TB: What instrument has been key in changing the way you make music?

JFR: The microphone is really my main instrument. Other than mixing, percussion and maybe a drum program here or there, I’m usually just on the mic. It’s through the microphone that I discovered singing and rhythm, uniting the body with machine concepts. With singing, you have to draw out what’s inside and give it life to survive outside of you and then finding rhythms inherit in physical objects and projecting out the underlying patterns that make up the world. With a microphone, the whole world is an instrument. It’s truly a magical thing.

TB: What trend are you sick of?

JFR: Trends come and go so fast, I don’t really have the time to get sick of anything. I think all the micro-tends like triangles, striped shirts, smoke machines and blue hair are kind of droll. It’s when things calcify into “traditions” I can get dragged down. It’s kind of weird that “punks” are like rednecks now. Then there’s the NPR bikers, like people who listen to black metal quietly on laptops. But I wouldn’t go so far to say I’m “sick” of anybody except for people that don’t listen to any music at all – but I guess that’s most people, so … um, let all the children boogie.

TB: What does this year bring for you?

JFR: We’re hooking up some european festival dates this summer and a working on a release for the STREAMS 2 box set.

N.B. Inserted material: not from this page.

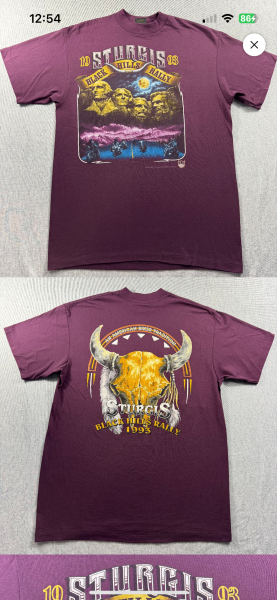 Legit Check 3D Emblem 1993 Sturgis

We’ve been recording material for our next album in our closet studio here in Los Angeles. Some other surprises I’m “not at liberty to discuss” yet.
One thing that’s exciting, but not really connected to Excepter is that I was interviewed about my research into the mysteries surrounding Stanley Kubrick’s The Shining for a documentary on the subject and the finished film, Room 237 was the toast of Sundance and got picked up by IFC for distribution. So that’s pretty cool, getting to be in a “real” movie and meeting interesting people that are also obsessed with Kubrick.

TB: Your favorite childhood memory that shaped the way you are today is:

JFR: Well, my least favorite memories probably go deeper into defining my sense of self, but looking back, the kind of imaginative play I would orchestrate with my brothers and our friends in the alleyways and abandoned lots in our neighborhood is the kind of group peak experience that lives on in my work with Excepter.